By offering a 15 percent premium for the residual shareholding, the Arnault family hopes to achieve a long-held aim of taking full control of Dior, without being accused of trying to get it cheap.

Arnault will rid himself of potentially troublesome minorities. And given he already owns 74 percent, holdouts would struggle to extract a higher price. Hence, Dior shares were trading just below the offer value late Tuesday morning.

The Arnaults are using the rump of their holding in Hermes International as acquisition currency for buying the Dior holding company. With Hermes shares close to record highs, it’s a good time to cash in that final chip.

Are there grounds for non-family LVMH investors to grumble about paying a high price to buy Christian Dior Couture from another part of the Arnault empire, with the company taking on more debt to do so?

Probably not. High-margin fashion and leather goods were the star performers for LVMH in a blockbuster first quarter. Bulking up in this area makes sense. Plus it cuts the company’s reliance on the less exclusive Louis Vuitton brand. LVMH shares rose too on the deal.

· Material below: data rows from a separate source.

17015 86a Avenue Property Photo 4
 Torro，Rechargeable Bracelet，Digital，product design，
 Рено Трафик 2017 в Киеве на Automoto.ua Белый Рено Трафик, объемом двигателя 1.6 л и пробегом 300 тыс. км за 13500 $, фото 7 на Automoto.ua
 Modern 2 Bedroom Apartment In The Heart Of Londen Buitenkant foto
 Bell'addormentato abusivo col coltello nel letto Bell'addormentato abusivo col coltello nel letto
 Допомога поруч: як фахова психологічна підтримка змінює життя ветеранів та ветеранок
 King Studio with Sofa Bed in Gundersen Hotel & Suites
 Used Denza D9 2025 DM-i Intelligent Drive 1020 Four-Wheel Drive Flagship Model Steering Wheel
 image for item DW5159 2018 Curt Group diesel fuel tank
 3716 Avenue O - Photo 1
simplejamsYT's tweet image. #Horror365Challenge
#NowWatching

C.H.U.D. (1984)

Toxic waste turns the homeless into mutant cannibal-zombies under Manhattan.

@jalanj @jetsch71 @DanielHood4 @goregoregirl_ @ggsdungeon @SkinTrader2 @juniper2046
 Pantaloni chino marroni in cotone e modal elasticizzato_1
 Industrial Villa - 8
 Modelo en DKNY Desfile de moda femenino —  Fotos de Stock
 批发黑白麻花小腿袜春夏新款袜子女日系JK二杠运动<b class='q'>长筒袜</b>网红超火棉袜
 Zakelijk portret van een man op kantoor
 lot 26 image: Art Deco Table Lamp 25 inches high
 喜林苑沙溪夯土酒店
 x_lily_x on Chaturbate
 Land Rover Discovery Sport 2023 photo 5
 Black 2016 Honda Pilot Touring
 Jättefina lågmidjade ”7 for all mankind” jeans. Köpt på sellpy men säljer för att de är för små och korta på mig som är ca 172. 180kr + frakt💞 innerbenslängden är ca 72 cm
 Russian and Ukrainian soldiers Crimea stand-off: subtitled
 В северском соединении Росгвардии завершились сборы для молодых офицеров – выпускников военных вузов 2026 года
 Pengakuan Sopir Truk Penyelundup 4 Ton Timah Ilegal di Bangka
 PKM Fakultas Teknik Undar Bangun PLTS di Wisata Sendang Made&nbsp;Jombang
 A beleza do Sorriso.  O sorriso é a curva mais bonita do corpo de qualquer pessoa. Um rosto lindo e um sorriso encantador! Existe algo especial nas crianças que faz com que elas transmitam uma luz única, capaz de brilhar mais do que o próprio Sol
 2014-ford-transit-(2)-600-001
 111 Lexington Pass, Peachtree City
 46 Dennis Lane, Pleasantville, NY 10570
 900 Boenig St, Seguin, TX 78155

But there are some parties for whom Arnault’s clever rejigging is less good news. The first is Hermes. While the maker of the Birkin bag will rid itself of the Arnault overhang, this might put downward pressure on the share price.

Analysts at Exane BNP Paribas have been arguing for some time that Hermes could lose its special cachet, and become more akin to its peers. Its shares trade on a lavish 37 times expected earnings, compared to a less opulent 20 times for the Bloomberg Intelligence luxury peer group. LVMH is on 23 times.

Arnault’s readiness to sell out of Hermes may be a warning sign. Plus, with no shareholding left, any lingering hopes of LVMH having another tilt at Hermes have evaporated.

Indeed, any struggling luxury groups wishing for Arnault to rescue them should be disheartened that he’s decided to use his firepower for house-keeping instead. Even after snapping up Dior, LVMH’s gearing will be just 35 percent, according to the company. But any further dealmaking would probably be targeted on watches or jewelry brands. 

Tiffany, Burberry and Michael Kors might not like it, but for now Arnault is sticking to what he knows best.

Chris Hughes assisted on this column.

Elaine He provided graphics.

This column does not necessarily reflect the opinion of Bloomberg LP and its owners.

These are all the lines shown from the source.